#### Recorded information ####

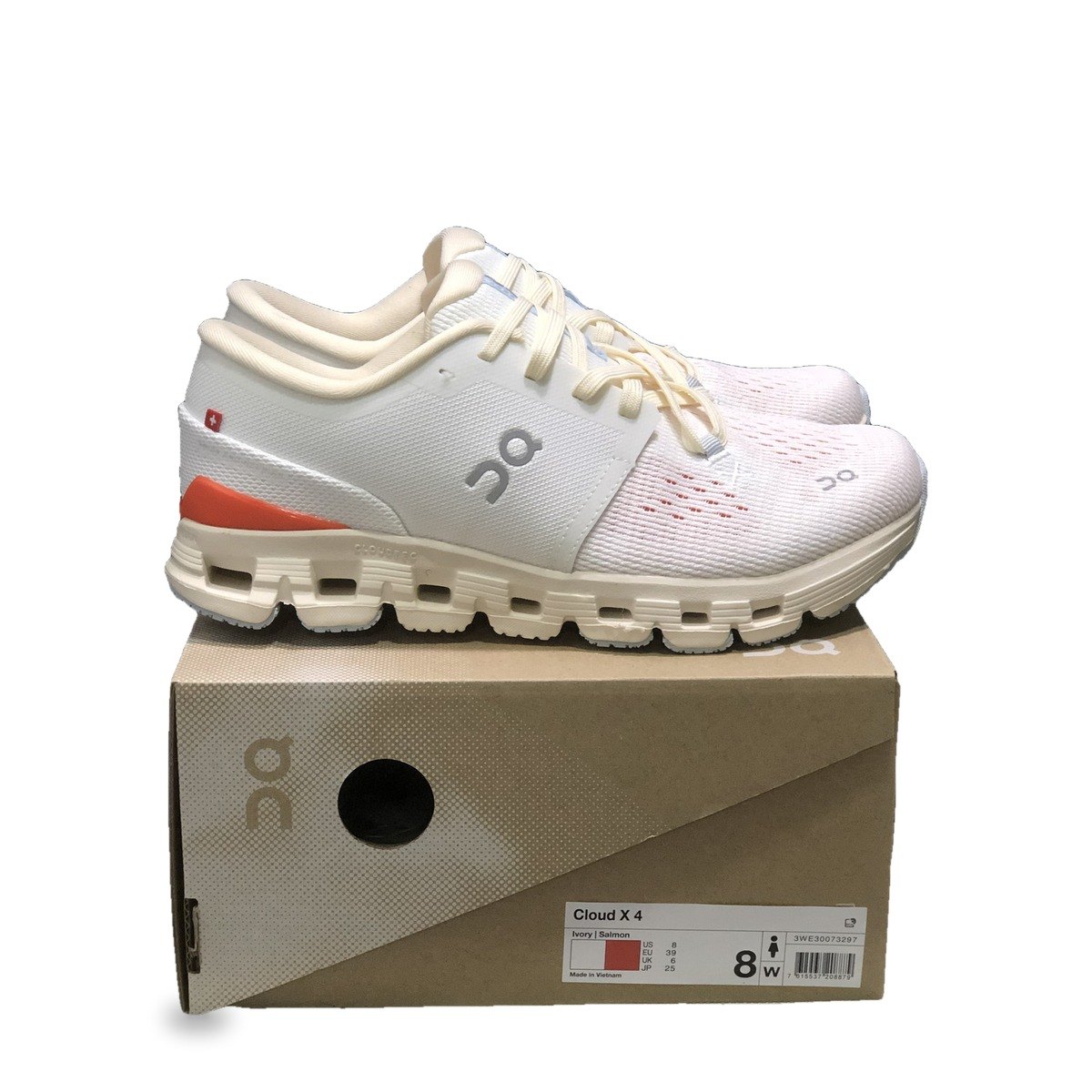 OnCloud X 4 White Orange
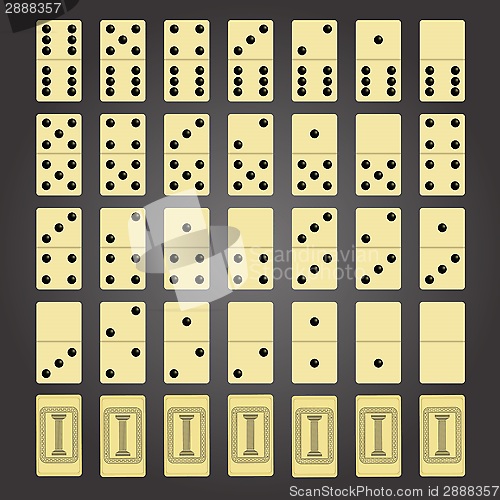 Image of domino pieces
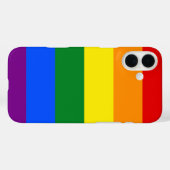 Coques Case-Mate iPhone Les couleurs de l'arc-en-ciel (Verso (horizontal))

####

» **Work instructions**:
Please reproduce verbatim the lines from the line with "Image of domino pieces" through the final line of the listing, inclusive of both ends. Omit all pictures.

» **Result for this exercise**:
 Image of domino pieces
 Coques Case-Mate iPhone Les couleurs de l'arc-en-ciel (Verso (horizontal))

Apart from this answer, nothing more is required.